I don’t know if this quote is attributable to Lao Tzu or not, but it sounds like him, doesn’t it?

A variation that might follow along that theme is this quotation:

“Your task is not to seek love, but merely to seek and find all the barriers within yourself that you have built against it.” 

I don’t know who said that, but it strikes close to home for me. Throughout many years, being out on my own from an early age, raising children during a long and unhappy first marriage, then patching together a life afterwards with a demanding career in mid-life, I’m habituated towards feeling like my glass was half empty even though my brain might tell me that it was probably more than half full, most of the time.
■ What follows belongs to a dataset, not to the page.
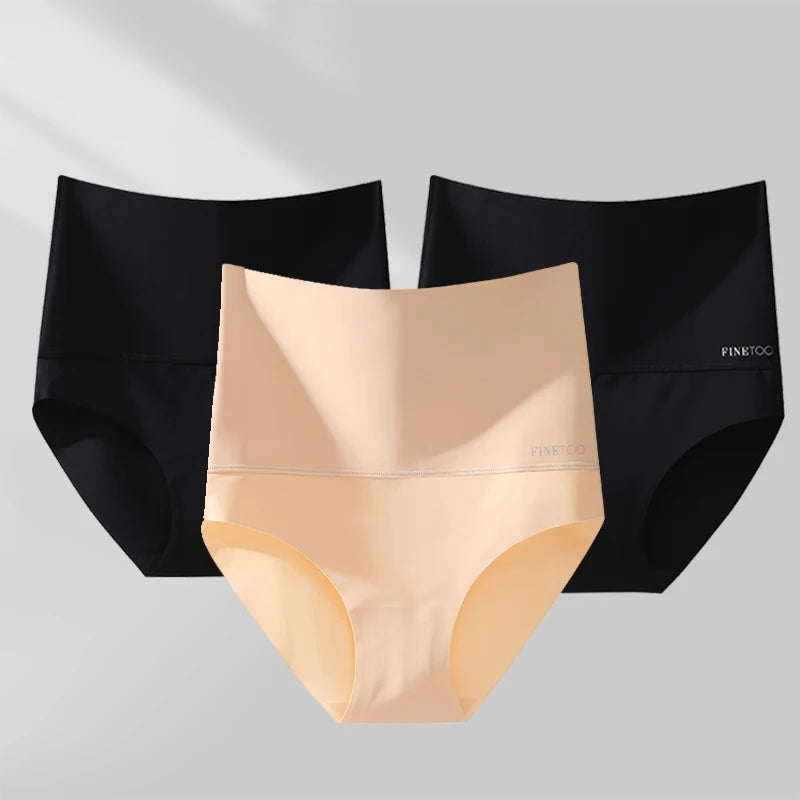 Women's Seamless High Waist Shapewear Panties – 3-Piece Set | Tummy Control Slimming Bodyshaper (S–XL)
Yesterday, I don’t know how this happened, but I woke up from that errant dream of being vaguely unhappy. Here’s how it came about.

A ritual I’ve taken on every year after Christmas was to look for the perfect winter coat at the after-holiday discount sales: a puffy but fashionable shiny black down three-quarter length coat with a huge, luxurious coyote or fox fur hood (real) that I had glimpsed in the New York Times Style page years ago and carried the clipping around in my wallet. This hunt served as amusement (or served as withdrawal from holiday shopping,) with a succession of coats tried on, delivered and then, mostly returned to the seller. Sometimes, I would buy one, then give it away to one of my daughters when they needed one more than I did. And so, the elusive coat search continued, at least until now.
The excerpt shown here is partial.